**REQUIREMENT:** Your task is to transcribe the lines from the start of the data below through the line containing "Vintage Hallmark Keepsake", inclusive, exactly as they stand and without the pictures.
++++
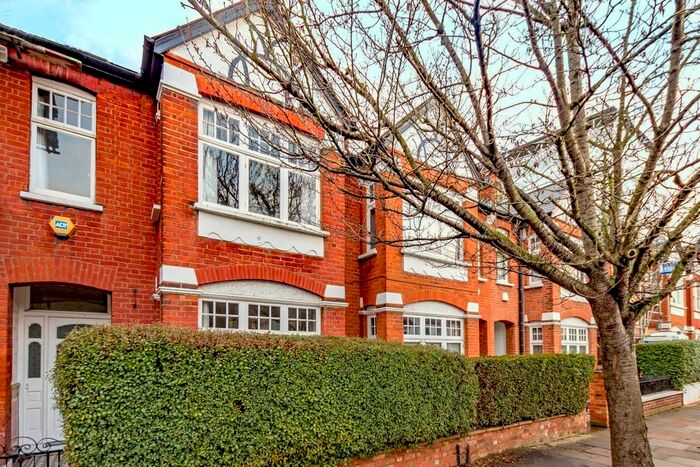 4 Bedroom Terraced House To Rent In Rusthall Avenue, London, W4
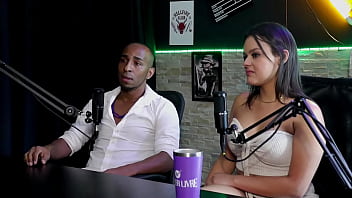 Veja a entrevista safada e cheia de putaria com a maria bittencourt e negro top oficial com thaisa redvelvet e tifany rocha no porn cast brazil parte 4 watch sheer red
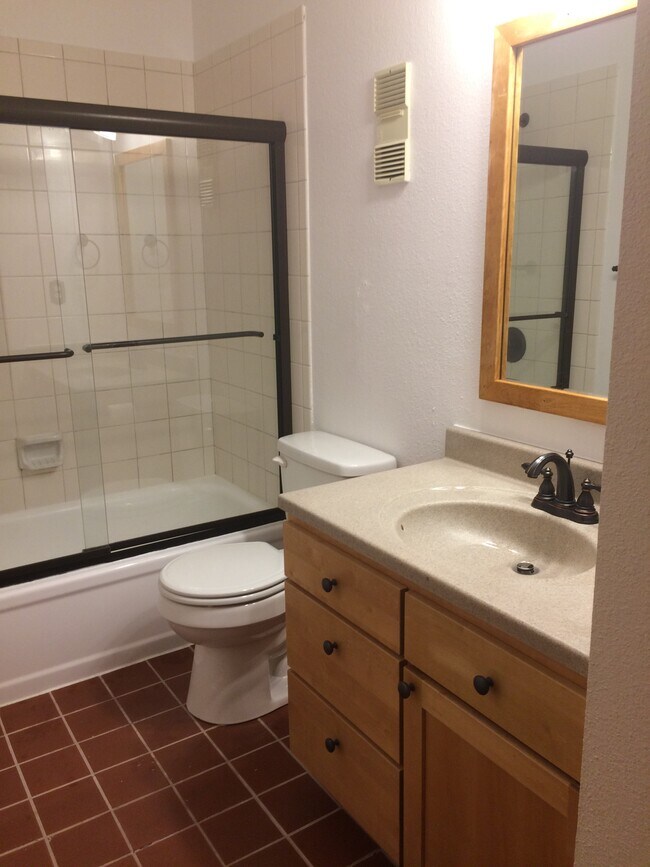 Hall Bathroon - 3148 29th St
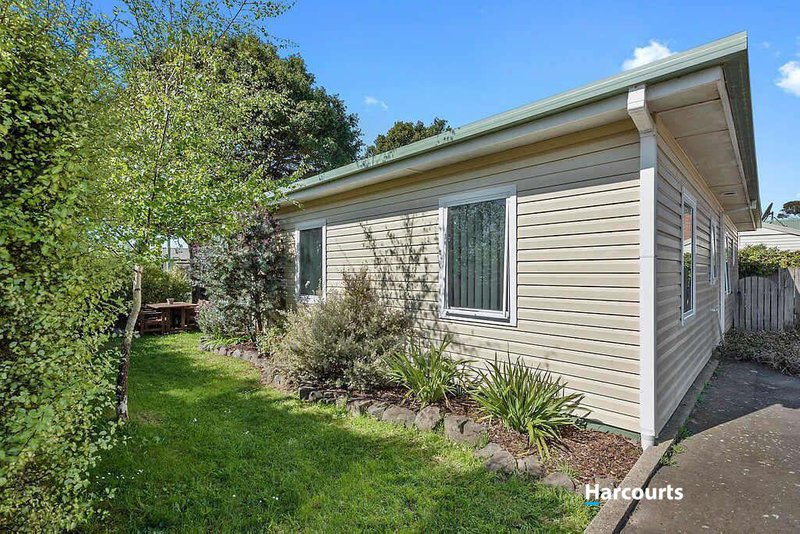 Photo - 1/101 Madden Street, Devonport TAS 7310 - Image 13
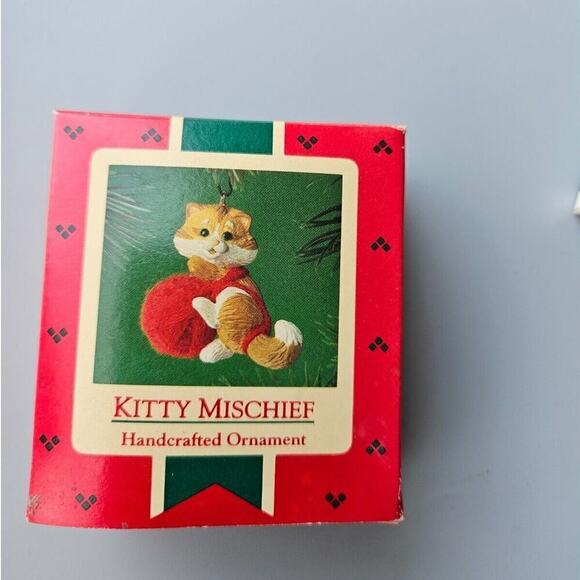 Vintage Hallmark Keepsake Kitty Mischief 1985 Vintage Holiday Christmas Ornament - Picture 1 of 2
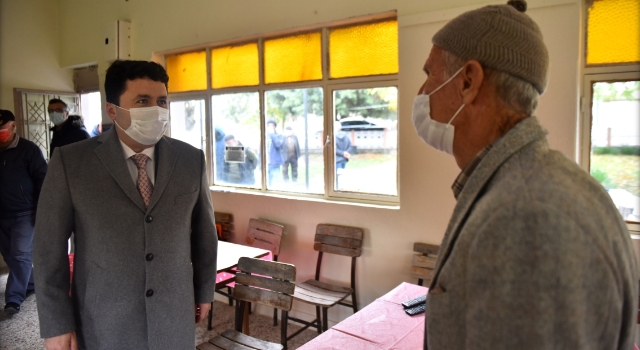Altıeylül Belediye Başkanı Hasan Avcı, 30 kırsal mahallede koronavirüsü anlattı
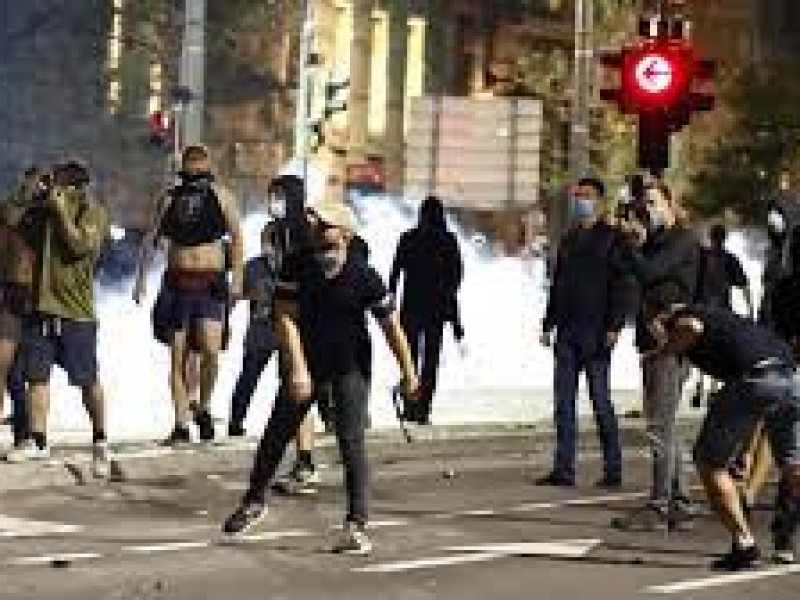 Protestas postelectorales en Belgrado deja al menos 35 detenidos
++++
**RESULT:**
 4 Bedroom Terraced House To Rent In Rusthall Avenue, London, W4
 Veja a entrevista safada e cheia de putaria com a maria bittencourt e negro top oficial com thaisa redvelvet e tifany rocha no porn cast brazil parte 4 watch sheer red
 Hall Bathroon - 3148 29th St
 Photo - 1/101 Madden Street, Devonport TAS 7310 - Image 13
 Vintage Hallmark Keepsake Kitty Mischief 1985 Vintage Holiday Christmas Ornament - Picture 1 of 2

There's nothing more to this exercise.